My dear Mrs. Bullock:
I thought I had written you of my approval. It is getting so I remember a letter as having been written when it has been no more than formulated in my mind. Of course I am in favor of America’s doing more for her poets than any other nation. I read a Phi Beta Kappa Eclogue on the subject once at Columbia University. And I have just come home from trying to plant in the right quarters at Washington the idea of a civil list for poets, musicians, and of artists here such as they have in England. I have no particular purchase to pry anything loose and am in no position alone. So let me join you in your good work.
April 20, 1935
In this 1935 letter from the archive, Robert Frost corresponds with Marie Bullock, founder of the Academy of American Poets, regarding America’s recognition of poets and artists of other disciplines.
Bullock, who had just founded the Academy of American Poets a few months prior to this letter, had reached out to Frost to tell him about the newly formed organization. She asked Frost to help her spread the story of the Academy of American Poets. In her letter she wrote:
We are making such splendid headway with the increasing
confidence and backing of those who feel as we do: that
this project, through its nationwide activities and the
integrity of its purpose, will do much toward stimulating
an interest in and a demand for fine poetry through the
We have radio programs planned to present poetry in a
new and compelling way to the American public,
awakening the hitherto rather dormant attitude toward
poets and their work.
Your moral approval of our project would be of utmost
value to us ...
A few days later, Frost replied positively in his letter, in which he also mentions his wish for “a civil list for poets, musicians, and of artists here such as they have in England.” While Frost is nothing if not the quintessential American—particularly New England—poet, perhaps he was a bit endeared to England for this reason. In the early 1900s, when Frost was in his early 30s and in the early years of his marriage and family life, he struggled to gain success through poetry. Frost worked on his farm in Derry, New Hampshire, during the day and wrote poems at night, but for years publications rejected his work.

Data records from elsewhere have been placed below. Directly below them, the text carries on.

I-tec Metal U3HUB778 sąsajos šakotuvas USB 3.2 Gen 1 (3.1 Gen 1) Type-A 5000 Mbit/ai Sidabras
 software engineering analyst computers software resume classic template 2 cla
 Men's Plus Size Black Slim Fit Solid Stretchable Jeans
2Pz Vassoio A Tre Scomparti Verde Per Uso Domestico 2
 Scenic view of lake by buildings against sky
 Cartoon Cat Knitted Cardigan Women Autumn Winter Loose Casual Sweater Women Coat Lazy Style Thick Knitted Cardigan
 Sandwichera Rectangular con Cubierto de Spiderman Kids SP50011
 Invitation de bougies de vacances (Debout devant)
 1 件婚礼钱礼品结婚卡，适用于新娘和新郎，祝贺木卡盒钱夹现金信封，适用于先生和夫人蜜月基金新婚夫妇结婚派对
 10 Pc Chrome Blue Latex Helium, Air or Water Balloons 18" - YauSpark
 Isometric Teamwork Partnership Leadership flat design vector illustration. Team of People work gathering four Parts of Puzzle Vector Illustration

After years of frustrated efforts, Frost sold the farm and moved with his family to England in 1912. Within a few months, Frost had found a publisher and would publish his first two books of poems, A Boy’s Will and North of Boston, there. “I was only too childishly happy in being allowed to make one for a moment in a company in which I hadn’t to be ashamed of writing verse,” Frost told the poet F. S. Flint in 1913. It was then, in England, that he finally began to receive the critical acclaim he would become known for. By the time Frost returned to America in 1915, editors were clamoring to publish him.
The “Phi Beta Kappa Eclogue” Frost mentions in his letter is the poem “Build Soil—A Political Pastoral,” which he delivered on May 31, 1932, at Columbia University. Inspired by Virgil’s “First Eclogue,” “Build Soil” discusses the poet in society—how politics and poetry may come together—as well as socialism and his take on the country’s involvement in foreign affairs.
The fact that Bullock asked for Frost's "moral approval" of the Academy and its programming is telling; though this organization was in its infancy at the time, Frost was at the peak of his career, known as the most celebrated poet in America. He had authored three books by the time of this letter, and his fourth, A Further Range (Henry Holt and Company, 1936), would appear the following year and would win him a Pulitzer Prize—his third of four in his lifetime.